House GOP business-tax plan upends U.S. policy, bares corporate fault lines
Posted by mminnick 7 years, 4 months ago to Government
"Fault lines inside the corporate world are emerging over a proposed rewrite of the U.S. tax code, pitting importers against exporters.
At the heart of the fight is a Republican plan in Congress that would impose corporate taxes on imports while eliminating them from exports, a move that would upend decades of tax policy.
The proposed shift in effect would curtail existing incentives for U.S. companies to move profits and operations abroad, but it would also pose new challenges for some global businesses. Retailers selling imported products and refiners using imported oil could be hardest hit, while some exporters could see their tax bills vanish."
This is going to be a real fight. It will take some good negotiation to get a good plan through. Hope Trump is ready for the political wheeling and dealing.
At the heart of the fight is a Republican plan in Congress that would impose corporate taxes on imports while eliminating them from exports, a move that would upend decades of tax policy.
The proposed shift in effect would curtail existing incentives for U.S. companies to move profits and operations abroad, but it would also pose new challenges for some global businesses. Retailers selling imported products and refiners using imported oil could be hardest hit, while some exporters could see their tax bills vanish."
This is going to be a real fight. It will take some good negotiation to get a good plan through. Hope Trump is ready for the political wheeling and dealing.

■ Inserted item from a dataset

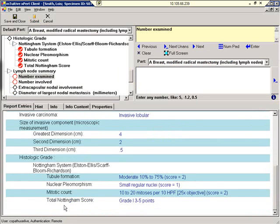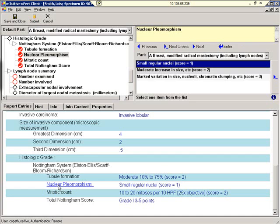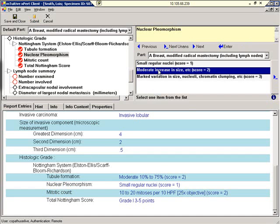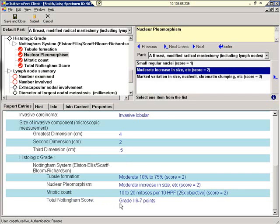As you can see, the report includes hypertext fields, in case you need to navigate quickly back to a certain field. Let's click on Nuclear pleomorphism. I'm going to change the value here to moderate. We'll click Enter. And you can see when I did that, the total Nottingham score was recalculated.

The theory is based on the muscle-mystic premise that physical assets give you "power." (Seize a steel mill and you become an industrialist.) In this case, it was gold. You export sheep for gold, your gold is a hard asset, all shiny. The king can tax the gold and hold it in a treasure chest under his throne. But if you import sheep, you spend gold, sending it out of the country and the nation is "poorer" for the lack of gold. In the 17th century, it was French wine coming in and English sterling going out. All they saw was the coins. No one counted the value in the wine, which was consumed, specifically because it was consumed. They only saw the "hard" assets of silver coin.
The fallacy of mercantilism in its many forms and guises has been exposed and defeated repeatedly. Human Action by von Mises is largely that because the various expressions of mercantilism are so common in economic discussions.
(In the mercantilist view, banking is seen as somehow different from selling shoes. Banks need to be regulated. Gratefully, shoes do not, or we all would be barefoot... except of course if those shoes are imported. Restrictions on imported shoes will, indeed bring us all closer to being barefoot.)
"Exporting jobs" to Mexico or China is one of the latest catch phrases. The mercantilists claim that we do not want to be "dependent on foreign oil" is another.
Yet, among the most prosperous places on Earth are those with near-zero raw materials: Taiwan, Hong Kong, Japan, Netherlands, Denmark, Switzerland.... They import everything. Meanwhile naturally rich regions such as the Congo basin and Siberia remain impoverished, despite their exports.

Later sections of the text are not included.